I was lazy and didn’t specify an encoding with open and, long story short, I found that the cp1252 default codec on Windows is much slower at parsing ASCII data than the ascii codec (which is not that surprising) but also the utf8 codec (which is perhaps a little surprising.
import tempfile
import timeit
f = tempfile.NamedTemporaryFile(delete=False, encoding='ascii', mode='wt')
for _ in range(2048):
for d in range(10):
f.write(str(d) * 128 + '\n')
f.close()
PATH = f.name
# read the file a few times to warm up caches and make things fairer
for _ in range(100):
open(PATH, 'r').read()
# prove the parsed contents are the same no matter what the encoding used is
assert [l for l in open(PATH, 'rt', encoding='ascii')] == [l for l in open(PATH, 'rt', encoding='utf8')] == [l for l in open(PATH, 'rt', encoding='cp1252')]
def readlines_ascii():
with open(PATH, 'rt', encoding='ascii') as f:
for l in f:
pass
def readlines_utf8():
with open(PATH, 'rt', encoding='utf8') as f:
for l in f:
pass
def readlines_cp1252():
with open(PATH, 'rt', encoding='cp1252') as f:
for l in f:
pass
print('Read as ASCII:')
print(timeit.timeit(readlines_ascii, number=10000))
print('Read as UTF-8')
print(timeit.timeit(readlines_utf8, number=10000))
print('Read as CP-1252')
print(timeit.timeit(readlines_cp1252, number=10000))
It’s my understanding that cp1252 is a superset of ascii and all 7-bit values are the same in the two encodings.

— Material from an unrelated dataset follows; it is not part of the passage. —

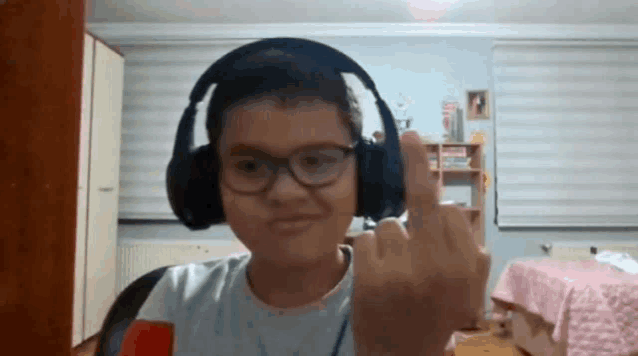 a young boy wearing headphones is giving the middle finger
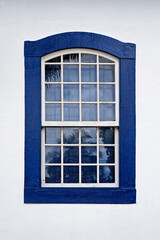 Blue colonial window in Ritapolis, Minas Gerais, Brazil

It seems to me - without much thinking - that if it’s possible for utf8 to be about as fast as ascii when parsing ascii-only data, then why couldn’t cp1252?
Yes, of course, you should explicitly specify the correct encoding when you open your files, but I bet there is an enormous quantity of Python code out there running on Windows which does not and largely deals with ascii data, in which case such an improvement would be generally useful.
If it’s possible I can raise this as a feature request on github, and possibly have a go at implementing it myself, but I am not sure if it is indeed possible so I opened this first.